# Python crash course

code  like a zen in pythonic

In [1]:
import this

The Zen of Python, by Tim Peters

Beautiful is better than ugly.
Explicit is better than implicit.
Simple is better than complex.
Complex is better than complicated.
Flat is better than nested.
Sparse is better than dense.
Readability counts.
Special cases aren't special enough to break the rules.
Although practicality beats purity.
Errors should never pass silently.
Unless explicitly silenced.
In the face of ambiguity, refuse the temptation to guess.
There should be one-- and preferably only one --obvious way to do it.
Although that way may not be obvious at first unless you're Dutch.
Now is better than never.
Although never is often better than *right* now.
If the implementation is hard to explain, it's a bad idea.
If the implementation is easy to explain, it may be a good idea.
Namespaces are one honking great idea -- let's do more of those!


In [1]:
# The pound sign marks the start of a comment. Python itself
# ignores the comments, but they're helpful for anyone reading the code.
for i in [1, 2, 3, 4, 5]:
    print(i)                    # first line in "for i" block
    for j in [1, 2, 3, 4, 5]:
        print(j)                # first line in "for j" block
        print(i + j)            # last line in "for j" block
    print(i)                    # last line in "for i" block
print("done looping")

1
1
2
2
3
3
4
4
5
5
6
1
2
1
3
2
4
3
5
4
6
5
7
2
3
1
4
2
5
3
6
4
7
5
8
3
4
1
5
2
6
3
7
4
8
5
9
4
5
1
6
2
7
3
8
4
9
5
10
5
done looping


In [2]:
import module 
from module import  value1, value2

ModuleNotFoundError: No module named 'module'

## Please Dont

In [3]:
match = 10
from re import *    # uh oh, re has a match function
print(match)        # "<function match at 0x10281e6a8>"

<function match at 0x7f3eefb128e0>


## Functions

Python functions are first-class, which means that we can assign them to variables and pass them into functions just like any other arguments:

In [5]:
def double(x):
    return x * 2

def apply_to_one(f):
    """Calls a function f with 1 as its argument"""
    return f(1)

my_double = double

x = apply_to_one(my_double)
x

2

In [7]:
y = apply_to_one(lambda x: x +4)
y

5

In [16]:
def full_name(name="Gustavo", lastname="Borges"):
    return f'{name} {lastname}'

print(full_name())
print(full_name(lastname="Souza"))
print(full_name("Doutor", "Abobrinha"))
print(full_name("Magic", 1))

Gustavo Borges
Gustavo Souza
Doutor Abobrinha
Magic 1


## Strings

In [24]:
# normal string
single = 'Aloooo'
double = "aaaa"

# raw string
raw = r"c:\dev"

multiline = """ 
This
is
multi
line
"""

fstring = f'{raw} {multiline}'


fstring

'c:\\dev  \nThis\nis\nmulti\nline\n'

## Lists

In [25]:
integer_list = [1, 2, 3]
heterogeneous_list = ["string", 0.1, True]
list_of_lists = [integer_list, heterogeneous_list, []]

list_length = len(integer_list)     # equals 3
list_sum    = sum(integer_list)     # equals 6

In [26]:
x = [0, 1, 2, 3, 4, 5, 6, 7, 8, 9]

zero = x[0]          # equals 0, lists are 0-indexed
one = x[1]           # equals 1
nine = x[-1]         # equals 9, 'Pythonic' for last element
eight = x[-2]        # equals 8, 'Pythonic' for next-to-last element
x[0] = -1            # now x is [-1, 1, 2, 3, ..., 9]

You can also use square brackets to slice lists.

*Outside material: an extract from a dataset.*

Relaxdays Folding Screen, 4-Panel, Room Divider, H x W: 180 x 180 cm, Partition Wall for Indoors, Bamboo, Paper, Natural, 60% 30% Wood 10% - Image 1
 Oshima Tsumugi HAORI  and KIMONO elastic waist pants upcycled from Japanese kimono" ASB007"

The slice i:j means all elements from i (inclusive) to j (not inclusive). If you leave off the start of the slice, you’ll slice from the beginning of the list, and if you leave of the end of the slice, you’ll slice until the end of the list:

In [28]:
first_three = x[:3]                 # [-1, 1, 2]
three_to_end = x[3:]                # [3, 4, ..., 9]
one_to_four = x[1:5]                # [1, 2, 3, 4]
last_three = x[-3:]                 # [7, 8, 9]
without_first_and_last = x[1:-1]    # [1, 2, ..., 8]
copy_of_x = x[:]                    # [-1, 1, 2, ..., 9]

every_third = x[::3]                 # [-1, 3, 6, 9]
five_to_three = x[5:2:-1]            # [5, 4, 3]

## Tuples

immutable lists

In [29]:
my_tuple = (1, 2)
other_tuple = 3, 4

They are very useful for returning values from functions and multiple assignments

In [33]:
def sum_and_product(x, y):
    return (x+y), (x*y)

sum, product = sum_and_product(6,5)

print(f"{sum} {product} ")

11 30 


## Dictionaries

In [47]:
dict = {}

tweets = {
    "user" : "borges",
    "text" : "Data Science is Awesome",
    "retweet_count" : 100,
    "hashtags" : ["#data", "#science", "#datascience", "#awesome", "#yolo"]
}

user_in =  "user" in tweets     #true

user  =  tweets.get("user")     #'borges'

tweet_keys   = tweets.keys()     # iterable for the keys
tweet_values = tweets.values()   # iterable for the values
tweet_items  = tweets.items()    # iterable for the (key, value) tuples

"borges" in tweet_values    # True (slow but the only way to check)

print(f""" 
{tweet_keys}
{tweet_values}
{tweet_items}
{"borges" in tweet_values}
""")

 
dict_keys(['user', 'text', 'retweet_count', 'hashtags'])
dict_values(['borges', 'Data Science is Awesome', 100, ['#data', '#science', '#datascience', '#awesome', '#yolo']])
dict_items([('user', 'borges'), ('text', 'Data Science is Awesome'), ('retweet_count', 100), ('hashtags', ['#data', '#science', '#datascience', '#awesome', '#yolo'])])
True



In [55]:
# Defaultdicts

document =  'A defaultdict is like a regular dictionary, except that when you try to look up a key it doesn’t contain, it first adds a value for it using a zero-argument function you provided when you created it'

from collections  import defaultdict

# int, list, dict all return empty or  zero values
word_counts = defaultdict(int)
for word in document:
    word_counts[word] += 1

## Counters

A Counter turns a sequence of values into a defaultdict(int)-like object mapping keys to counts:

In [56]:
from collections import Counter

c = Counter([0,1,1,1,2,3,35,1,6])
c

Counter({1: 4, 0: 1, 2: 1, 3: 1, 35: 1, 6: 1})

In [58]:
# it has a most common method that returns the value and its frequency
c.most_common(2)

[(1, 4), (0, 1)]

## Sets

In [60]:
s  = {1,2,4,5,6}
s.add(8)

print(f"{2 in s} |  len= {len(s)} | {3  in  s}")

True |  len= 6 | False


We’ll use sets for two main reasons. The first is that in is a very fast operation on sets. If we have a large collection of items that we want to use for a membership test, a set is more appropriate than a list:

In [63]:
hundreds_of_other_words = ['lala', "shuaa"]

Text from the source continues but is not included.